CHAPTER III.- BOARD OF DIRECTORS, STATUTORY AUDITORS

Article 7. Board of Directors

     The Company will be administered by a board of directors composed of at
least 6 (six) members. Members of the board of directors need not be
shareholders of the Company.

     The directors will be elected by the shareholders' meeting, which will
determine their number, for a period not exceeding 6 (six) years, and they will
hold office until their successors are elected. They are re-eligible, but they
may be removed at any time, with or without cause, by a resolution of the
shareholders' meeting.

     In the event of a vacancy on the board of directors, the remaining
directors may meet and may elect by majority vote a director to fill such
vacancy until the next meeting of shareholders.

Article 8. Meetings of the Board of Directors

     The board of directors will choose from among its members a chairman. It
may also choose a secretary, who need not be a director, who will be responsible
for keeping the minutes of the meetings of the board of directors and of the
shareholders.

     The board of directors will meet upon call by the chairman. A meeting of
the board must be convened if any two directors so require.
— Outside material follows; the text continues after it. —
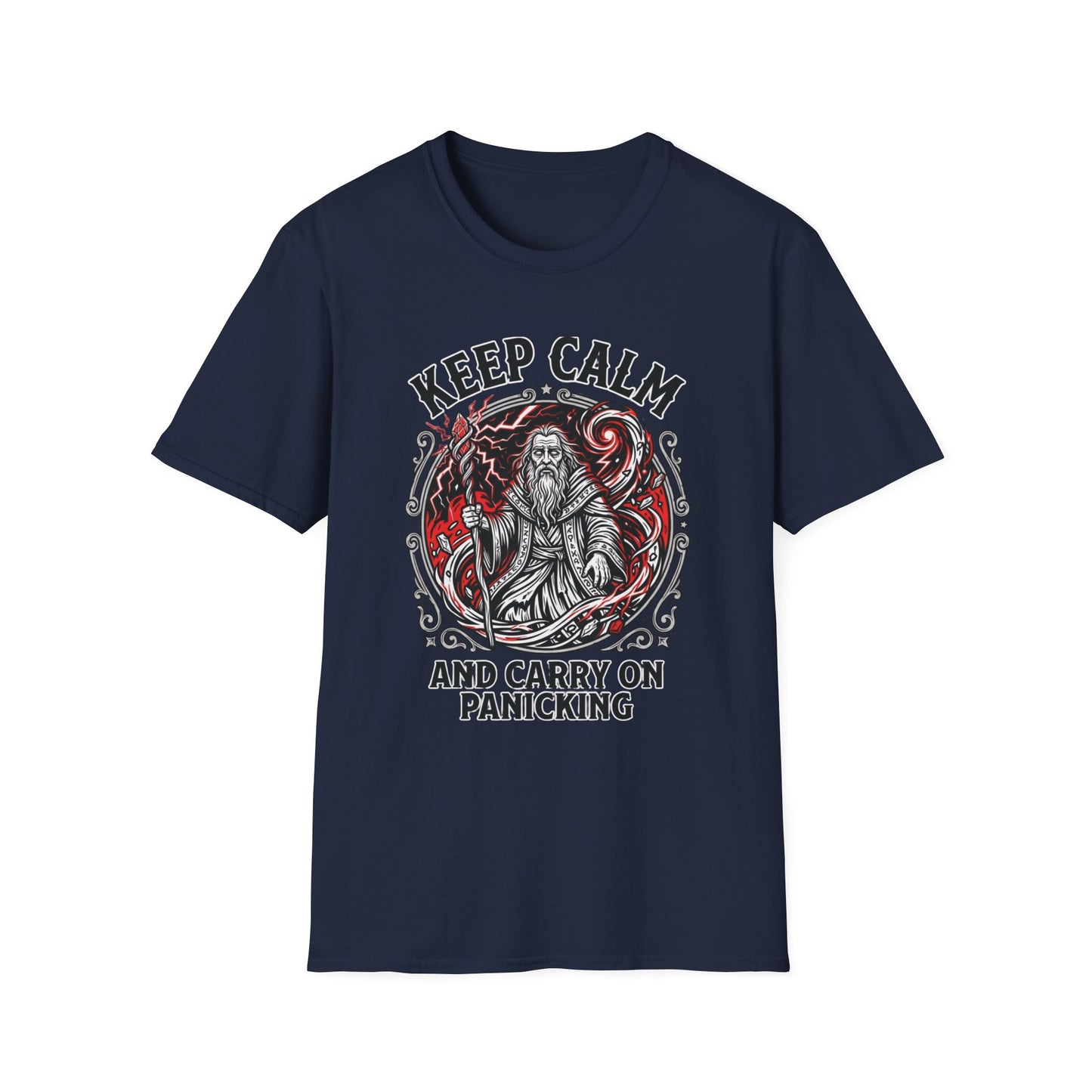 Keep Calm and Carry on Panicking graphic t-shirt mockup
     The chairman will preside at all meetings of shareholders and of the board
of directors, but in his absence the general meeting or the board will appoint
another person as chairman pro tempore by vote of the majority present at such
meeting.

     Except in cases of urgency or with the prior consent of all those entitled
to attend, at least 3 (three) days' written notice of board meetings shall be
given. Any such notice shall specify the time and place of the meeting and the
nature of the business to be transacted....

     The notice may be waived by the consent in writing or by telefax, cable,
telegram or telex of each director. No separate notice is required for meetings
held at times and places specified in a schedule previously adopted by
resolution of the board of directors.

     Every board meeting shall be held in Luxembourg or at such other place as
the board may from time to time determine.

     Any director may act at any meeting of the board of directors by appointing
in writing or by telefax, cable, telegram or telex another director as his
proxy.

     A quorum of the board shall be the presence of 4 (four) of the directors
holding office.

     Decisions will be taken by the affirmative votes of a simple majority of
the directors present or represented.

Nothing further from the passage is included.